AniZpZ / AutoSmoothQuant

An easy-to-use package for implementing SmoothQuant for LLMs
MIT License
82 stars 7 forks source link

Maybe some problem you need to take care #17

Closed DonliFly closed 7 months ago

DonliFly commented 7 months ago

1)run smoothquant_model.py --quantize-model and --generate-scale are always True should change to use action="store_true",like this:


   parser.add_argument('--quantize-model',
                        action="store_true",
                        help='whether to quant model or not')    

    parser.add_argument('--generate-scale', 
                        action="store_true",
                        help='whether to generate scale or not')

2)TypeError: 'type' object is not subscriptable should change models folder all fill about dict, should do this to fix

a: from typing import Dict b: replaces form dict[str, str] to Dict[str, str]

Reference link:https://stackoverflow.com/questions/59101121/type-hint-for-a-dict-gives-typeerror-type-object-is-not-subscriptable 3)TypeError: cannot assign 'torch.cuda.HalfTensor' as parameter 'weight' (torch.nn.Parameter or None expected) under the models folder, using llama.py get the up TypeError, should do this to fix


class Int8LlamaRMSNorm(LlamaRMSNorm):

    @staticmethod
    def from_float(module: LlamaRMSNorm,
                   output_scale: float):
        int8_module = Int8LlamaRMSNorm(module.weight.numel(), module.variance_epsilon)

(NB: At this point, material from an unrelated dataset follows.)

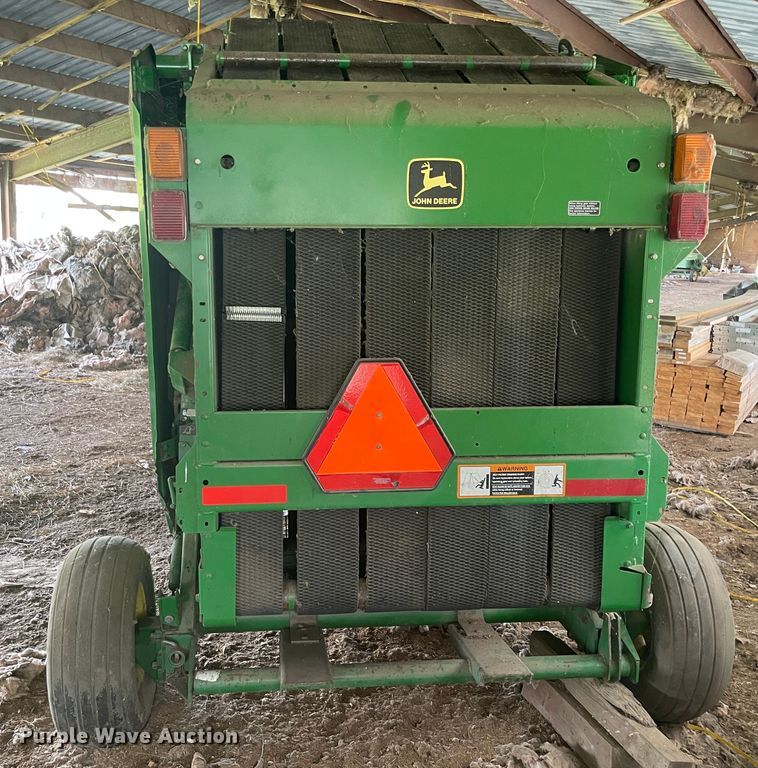 image for item IR9528 John Deere 457  round baler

        int8_module.weight.to(module.weight.dtype)
        # int8_module.weight = module.weight / output_scale # get TypeError
        int8_module.weight = nn.Parameter(module.weight / output_scale)

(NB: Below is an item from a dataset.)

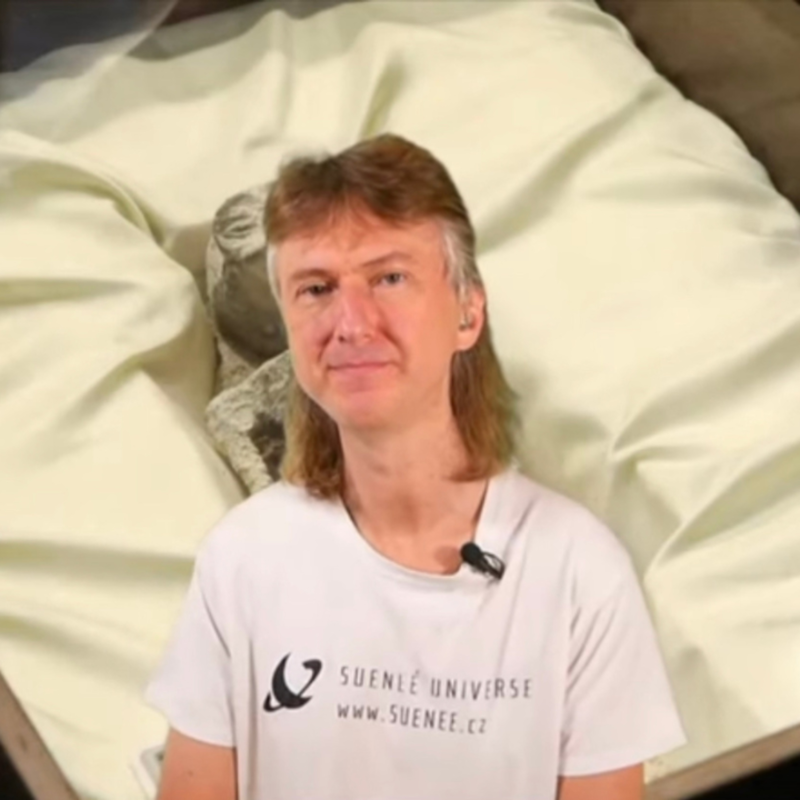 Obrázek epizody Sueneé, Mimozemšťané mezi námi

        return int8_module

Reference link:https://discuss.pytorch.org/t/typeerror-cannot-assign-torch-floattensor-as-parameter-layer-weights-torch-nn-parameter-or-none-expected/94947

Thanks for this to help everybody!

AniZpZ commented 7 months ago

Hi there! We really appreciate your advice. We will give it serious consideration and plan to address the issues later this week.